# What is a "power inserter?"



## apco25 (Oct 2, 2005)

I saw this sig : DPP-44 Switch w/ Power Inserter 

What is that?

Thanks,
Apco25


----------



## dahenny (Apr 16, 2007)

The DPP44 is used to connect up to 4 LNBFs to as many as 4 tuners/receivers. The power inserter puts a little boost in the works to amplify the signal.

*I think my definition is correct.


----------



## Marriner (Jan 23, 2006)

The Dpp44 requires power to operate. A dc voltage is 'inserted' into the rg-6 cable that runs from the Sat reciever to output #1 on the switch using what is called a power inserter. It has a separate power supply that plugs into the Wall outlet (110 VAC).

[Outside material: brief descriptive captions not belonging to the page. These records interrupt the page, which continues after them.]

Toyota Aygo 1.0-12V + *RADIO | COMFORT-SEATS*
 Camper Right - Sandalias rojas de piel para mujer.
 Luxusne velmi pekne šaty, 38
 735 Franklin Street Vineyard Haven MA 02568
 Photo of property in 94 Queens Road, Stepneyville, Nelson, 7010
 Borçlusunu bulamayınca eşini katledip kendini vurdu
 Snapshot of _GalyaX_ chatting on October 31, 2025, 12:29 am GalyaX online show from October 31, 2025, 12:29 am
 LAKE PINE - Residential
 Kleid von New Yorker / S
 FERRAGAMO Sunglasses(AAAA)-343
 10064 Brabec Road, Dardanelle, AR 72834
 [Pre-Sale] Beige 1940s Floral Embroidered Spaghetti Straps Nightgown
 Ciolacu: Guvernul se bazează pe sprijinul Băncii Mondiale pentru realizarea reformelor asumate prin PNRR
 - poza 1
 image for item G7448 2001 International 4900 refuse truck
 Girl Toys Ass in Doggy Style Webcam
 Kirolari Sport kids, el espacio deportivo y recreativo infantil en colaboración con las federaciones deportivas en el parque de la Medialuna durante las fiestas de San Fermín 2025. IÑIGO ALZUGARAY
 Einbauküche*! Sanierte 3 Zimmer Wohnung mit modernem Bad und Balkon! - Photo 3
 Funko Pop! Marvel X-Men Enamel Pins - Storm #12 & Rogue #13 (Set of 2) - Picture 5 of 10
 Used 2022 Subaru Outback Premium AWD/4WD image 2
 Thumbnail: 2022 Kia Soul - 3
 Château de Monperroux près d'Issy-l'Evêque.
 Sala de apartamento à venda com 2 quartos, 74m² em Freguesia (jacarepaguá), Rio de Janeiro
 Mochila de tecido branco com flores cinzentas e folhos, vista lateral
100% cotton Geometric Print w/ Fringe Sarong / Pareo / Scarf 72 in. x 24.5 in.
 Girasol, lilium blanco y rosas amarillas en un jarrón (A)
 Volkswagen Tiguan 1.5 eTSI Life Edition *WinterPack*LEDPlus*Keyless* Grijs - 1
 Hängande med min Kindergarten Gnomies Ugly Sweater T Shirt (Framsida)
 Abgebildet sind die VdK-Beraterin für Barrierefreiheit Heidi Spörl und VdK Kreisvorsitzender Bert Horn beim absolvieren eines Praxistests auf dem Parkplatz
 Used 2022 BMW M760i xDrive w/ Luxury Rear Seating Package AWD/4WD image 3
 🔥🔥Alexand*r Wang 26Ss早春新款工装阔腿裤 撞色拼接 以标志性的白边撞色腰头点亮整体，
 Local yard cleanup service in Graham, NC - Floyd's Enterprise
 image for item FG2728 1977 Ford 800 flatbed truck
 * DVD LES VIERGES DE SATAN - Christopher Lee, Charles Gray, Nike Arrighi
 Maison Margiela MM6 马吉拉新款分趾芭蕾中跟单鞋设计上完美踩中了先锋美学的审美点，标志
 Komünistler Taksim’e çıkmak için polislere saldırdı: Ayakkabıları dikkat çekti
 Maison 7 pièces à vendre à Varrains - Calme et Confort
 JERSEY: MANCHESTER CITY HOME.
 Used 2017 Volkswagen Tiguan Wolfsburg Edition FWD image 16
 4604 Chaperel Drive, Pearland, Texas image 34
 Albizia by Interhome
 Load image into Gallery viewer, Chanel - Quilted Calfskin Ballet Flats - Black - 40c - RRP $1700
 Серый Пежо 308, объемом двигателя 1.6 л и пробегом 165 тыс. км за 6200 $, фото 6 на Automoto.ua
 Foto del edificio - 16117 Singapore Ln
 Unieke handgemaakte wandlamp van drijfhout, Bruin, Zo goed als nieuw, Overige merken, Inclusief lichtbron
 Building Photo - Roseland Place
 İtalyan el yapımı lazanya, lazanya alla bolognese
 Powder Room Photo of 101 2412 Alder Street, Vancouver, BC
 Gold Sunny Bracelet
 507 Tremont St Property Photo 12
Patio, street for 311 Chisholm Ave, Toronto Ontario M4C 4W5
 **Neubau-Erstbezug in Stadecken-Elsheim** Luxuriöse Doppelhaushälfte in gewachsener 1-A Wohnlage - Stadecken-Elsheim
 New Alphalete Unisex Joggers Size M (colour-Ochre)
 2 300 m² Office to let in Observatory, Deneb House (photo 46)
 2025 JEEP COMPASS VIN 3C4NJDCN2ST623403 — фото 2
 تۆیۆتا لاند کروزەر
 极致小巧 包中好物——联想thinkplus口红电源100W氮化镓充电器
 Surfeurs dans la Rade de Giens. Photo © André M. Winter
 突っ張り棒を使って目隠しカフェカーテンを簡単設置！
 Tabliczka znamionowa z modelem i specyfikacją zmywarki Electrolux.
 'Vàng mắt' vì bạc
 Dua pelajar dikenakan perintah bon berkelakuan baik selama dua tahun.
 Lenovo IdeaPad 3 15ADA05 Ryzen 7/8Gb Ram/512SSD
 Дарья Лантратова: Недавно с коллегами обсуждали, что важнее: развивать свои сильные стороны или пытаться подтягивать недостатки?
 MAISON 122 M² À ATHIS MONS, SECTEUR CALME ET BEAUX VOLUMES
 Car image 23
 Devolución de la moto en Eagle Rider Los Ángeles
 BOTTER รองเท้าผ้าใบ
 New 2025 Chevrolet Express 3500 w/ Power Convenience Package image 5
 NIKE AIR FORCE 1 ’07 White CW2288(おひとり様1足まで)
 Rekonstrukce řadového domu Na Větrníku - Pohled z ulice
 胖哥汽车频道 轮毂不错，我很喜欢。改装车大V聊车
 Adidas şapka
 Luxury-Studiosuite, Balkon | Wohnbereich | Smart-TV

Some users have the power that comes from the sat reciever to power the switch and omit the power inserter. 

This is used only to power the switch not for signal amplification.


----------



## Highdef Jeff (Jul 1, 2007)

In the old days, the backfeed of 13 or 18 volts selected the transponder for the channel you selected. (And still does in legacy systems) 

Dish Pro Plus technology uses frequency to select the transponder and works on a little higher voltage - 20.5 volts. The power inserter adapts the system to be able to have the correct voltage without having to replace all of the receivers out there.


----------